Action item
Please give the lines below again exactly as they stand, from the one that contains "Image showing red" up to and including the one that contains "Kinder Fußball Juanma", leaving all pictures out.

Record extracts
++++++++

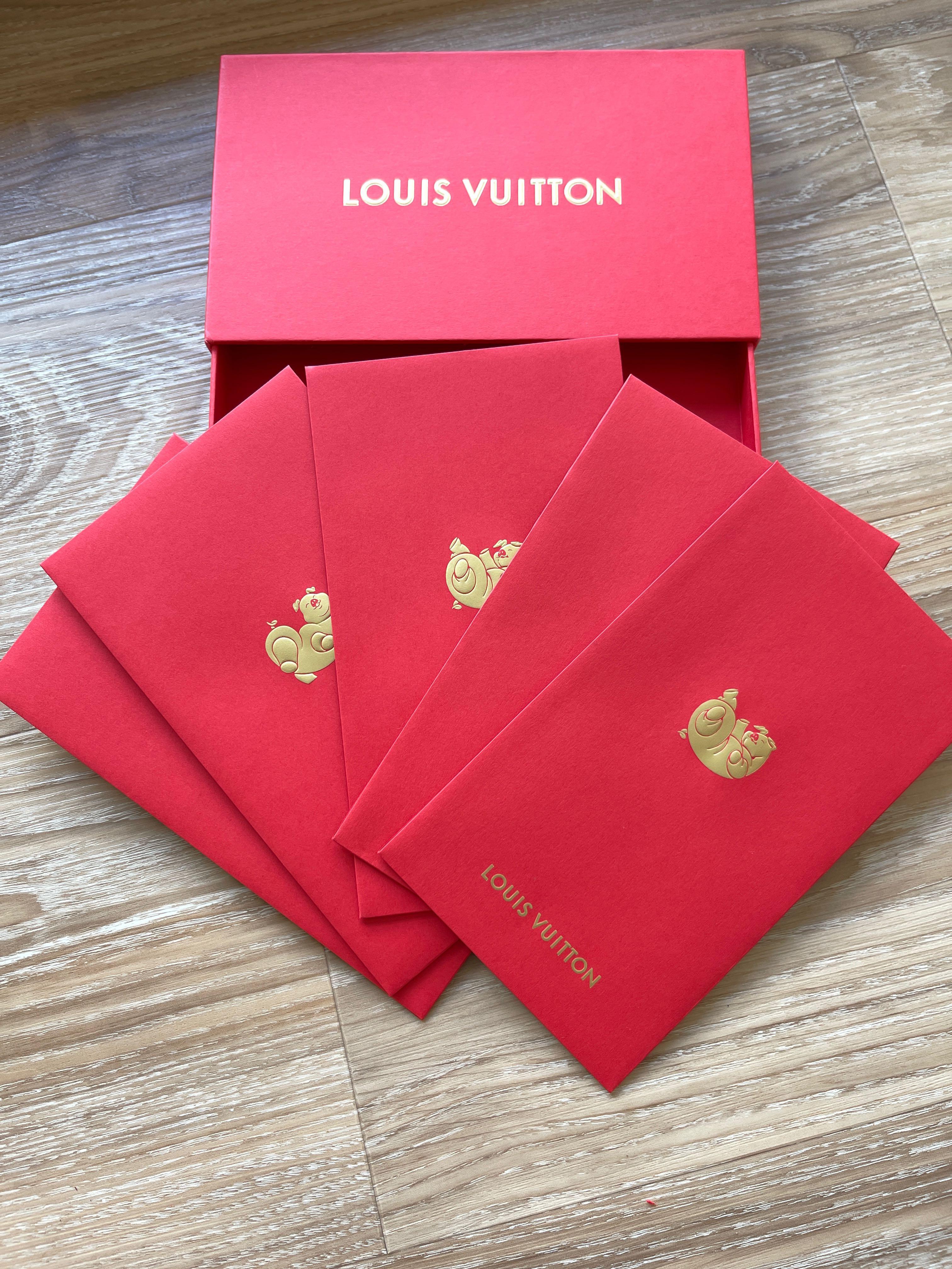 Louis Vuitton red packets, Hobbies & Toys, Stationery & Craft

++++++++

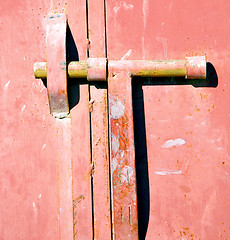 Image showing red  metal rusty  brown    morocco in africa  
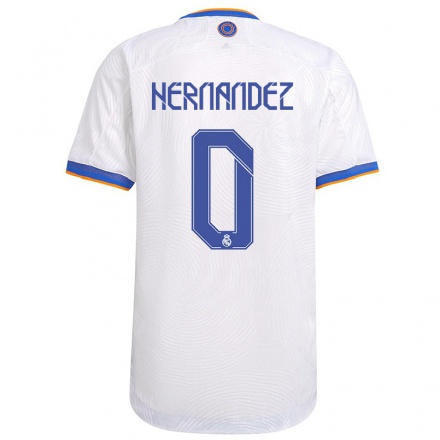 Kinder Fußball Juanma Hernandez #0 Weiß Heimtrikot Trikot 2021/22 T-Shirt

++++++++

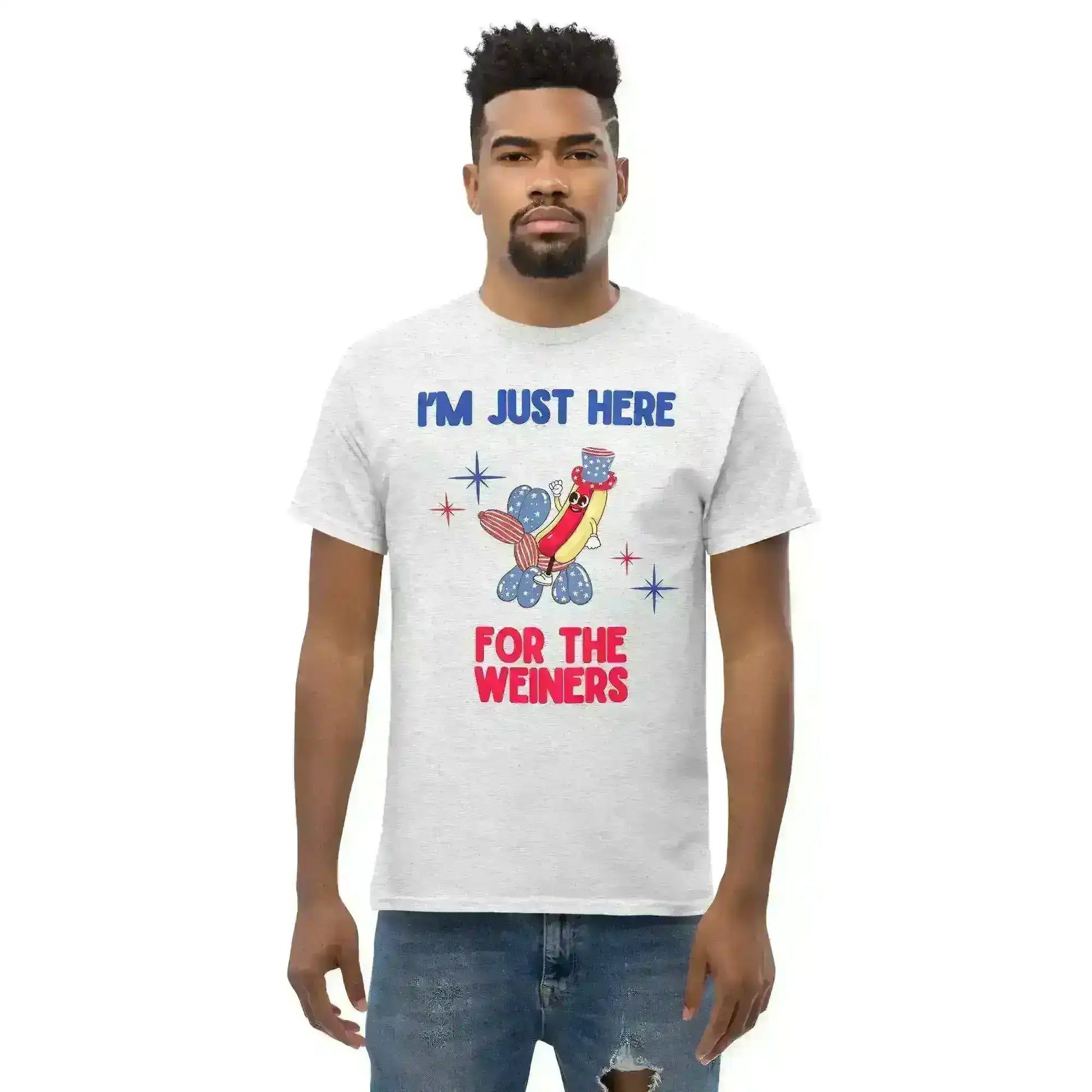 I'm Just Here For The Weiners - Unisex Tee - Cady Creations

++++++++

Solution below
 Image showing red  metal rusty  brown    morocco in africa  
 Kinder Fußball Juanma Hernandez #0 Weiß Heimtrikot Trikot 2021/22 T-Shirt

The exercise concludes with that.